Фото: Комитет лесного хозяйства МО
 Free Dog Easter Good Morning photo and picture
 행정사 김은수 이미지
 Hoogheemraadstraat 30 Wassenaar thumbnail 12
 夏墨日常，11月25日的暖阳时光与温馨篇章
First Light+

────────

*Work to complete*. Would you please copy every line of the data exactly?

*Task response*.
Фото: Комитет лесного хозяйства МО
 Free Dog Easter Good Morning photo and picture
 행정사 김은수 이미지
 Hoogheemraadstraat 30 Wassenaar thumbnail 12
 夏墨日常，11月25日的暖阳时光与温馨篇章
First Light+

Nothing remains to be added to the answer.